Additionally, for each song in PDMX, we not only provide the MusicRender and metadata JSON files, but we also try to include the associated compressed MusicXML (MXL), sheet music (PDF), and MIDI (MID) files when available. Due to the corruption of 42 of the original MuseScore files, these songs lack those associated files (since they could not be converted to those formats) and only include the MusicRender and metadata JSON files. The all_valid subset of PDMX describes the songs where all associated files are valid.
Abstract (English)
The recent explosion of generative AI-Music systems has raised numerous concerns over data copyright, licensing music from musicians, and the conflict between open-source AI and large prestige companies. Such issues highlight the need for publicly available, copyright-free musical data, in which there is a large shortage, particularly for symbolic music data. To alleviate this issue, we present PDMX: a large-scale open-source dataset of over 250K public domain MusicXML scores collected from the score-sharing forum MuseScore, making it the largest available copyright-free symbolic music dataset to our knowledge. PDMX additionally includes a wealth of both tag and user interaction metadata, allowing us to efficiently analyze the dataset and filter for high quality user-generated scores. Given the additional metadata afforded by our data collection process, we conduct multitrack music generation experiments evaluating how different representative subsets of PDMX lead to different behaviors in downstream models, and how user-rating statistics can be used as an effective measure of data quality. Examples can be found at https://pnlong.github.io/PDMX.demo/.
Technical info (English)
PDMX.csv
This is the main CSV file for PDMX. Each row represents a different song. Columns include various selected attributes from the metadata, features extracted from the music, and different subsets of the dataset. Each column is described here:
- path: Path to the data (MusicRender JSON) file.

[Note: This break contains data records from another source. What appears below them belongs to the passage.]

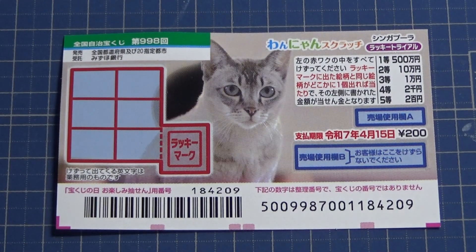Here kitty kitty kitty kitty. Hello, my lottery friends. It's James. You're looking at a new Japanese scratch game called Wanyan Scratch.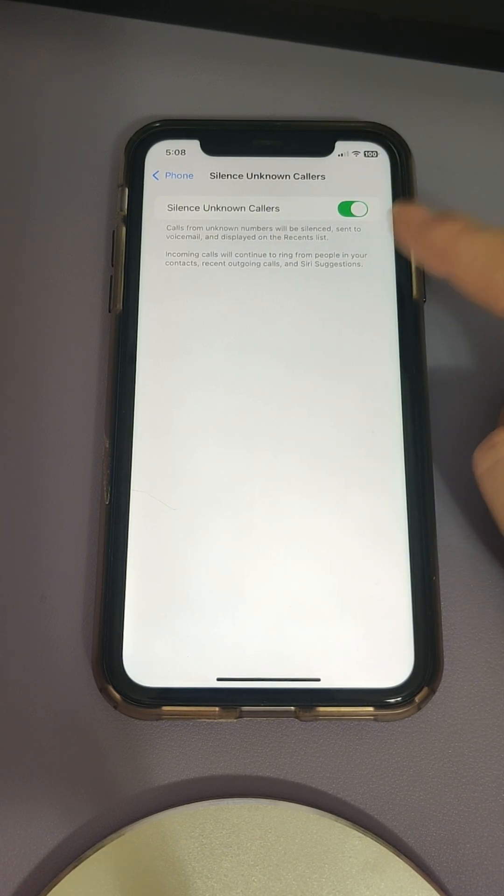In here, we see that calls from unknown numbers will be silenced, sent to voicemail, and displayed on the recent list. Incoming calls will continue to ring from people in your contacts, recent outgoing calls, and Siri suggestions. Hope this helps. Bye!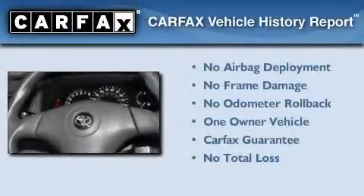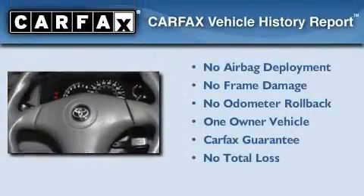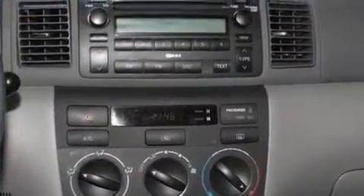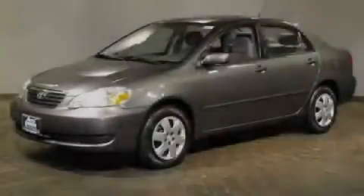This car has had only one owner, and it qualifies for the Carfax buyback guarantee. This vehicle won't last long at this price. Call and arrange a test drive now.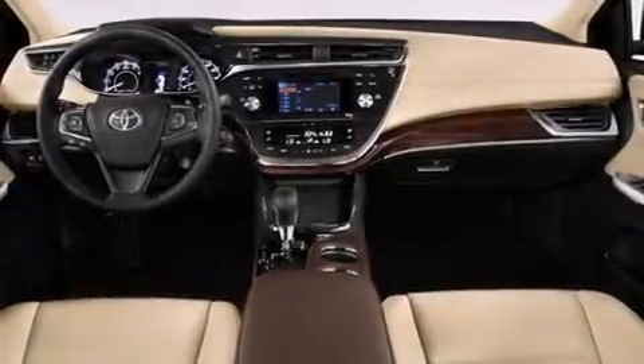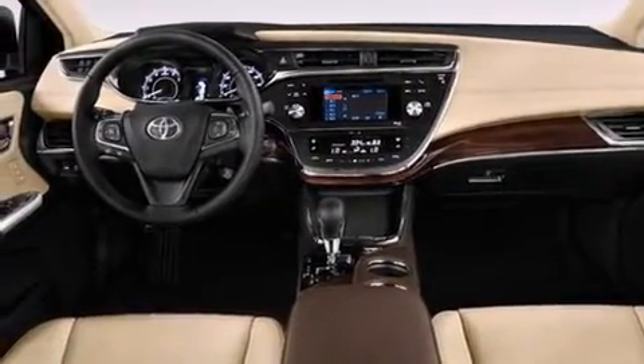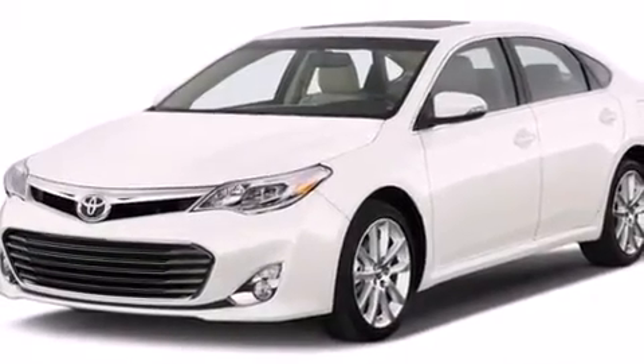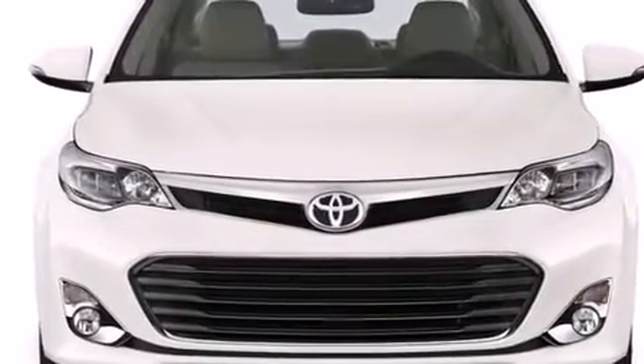Rear curtain airbags, rear seat childproof door locks, a pass-through rear seat, an auto-dimming rear-view mirror, and the heated second row seats can warm your passengers up in seconds, keeping them comfortable the whole trip.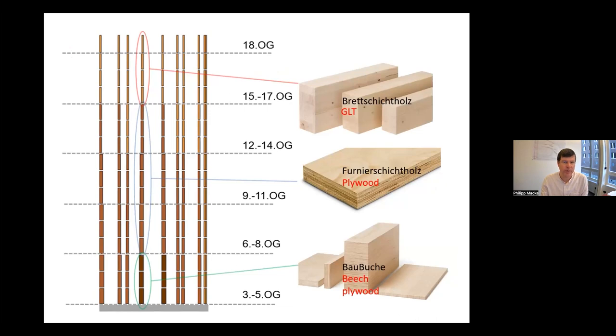This graphic shows how different materials are used in the columns depending on load and position. Further up in the building, loads are much smaller, so at the top four to five floors we can use GLT columns. At intermediate stories we switch to plywood columns, and at the lower end — floors three to five — we even need beech plywood to take the additional load from upper floors. The engineer worked quite carefully to use the right material at the right level and not over-engineer the upper sections.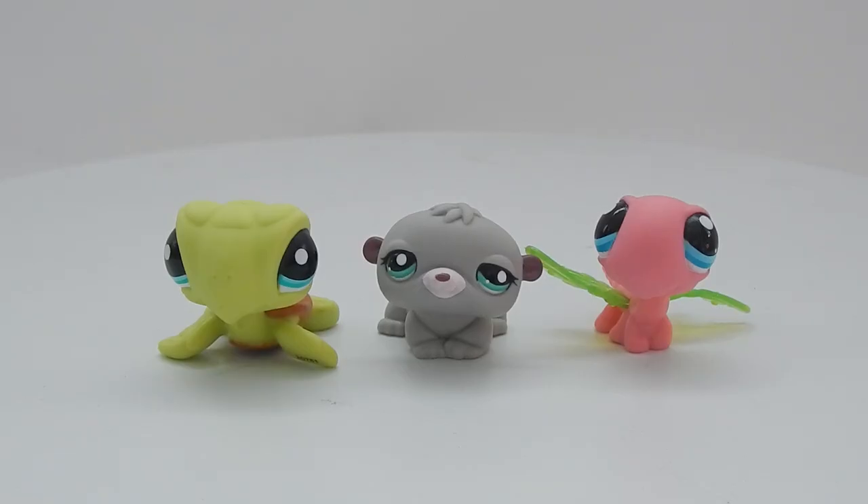Alright, there are our three Littlest Pet Shop Cutest Pets that we got today. What do you guys think? I think they're pretty darn cute. If you guys want to see me open up some more, please leave a comment down below, and as always I thank everyone for watching — I will see you guys in the next video.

- metadata: Path to the associated metadata (JSON) file. The basename of each file matches the basename of the corresponding file in the path column.
- mxl: Path to the associated compressed MusicXML (MXL) file. The basename of each file matches the basename of the corresponding file in the path column. Values may be N/A, since some of the original MuseScore files are corrupted and thus cannot be converted to compressed MusicXML.
- pdf: Path to the associated sheet music (PDF) file. The basename of each file matches the basename of the corresponding file in the path column. Values may be N/A, since some of the original MuseScore files are corrupted and thus cannot be converted to PDF.
- mid: Path to the associated MIDI (MID) file. The basename of each file matches the basename of the corresponding file in the path column. Values may be N/A, since some of the original MuseScore files are corrupted and thus cannot be converted to MID.
- version: Version of the original MuseScore file.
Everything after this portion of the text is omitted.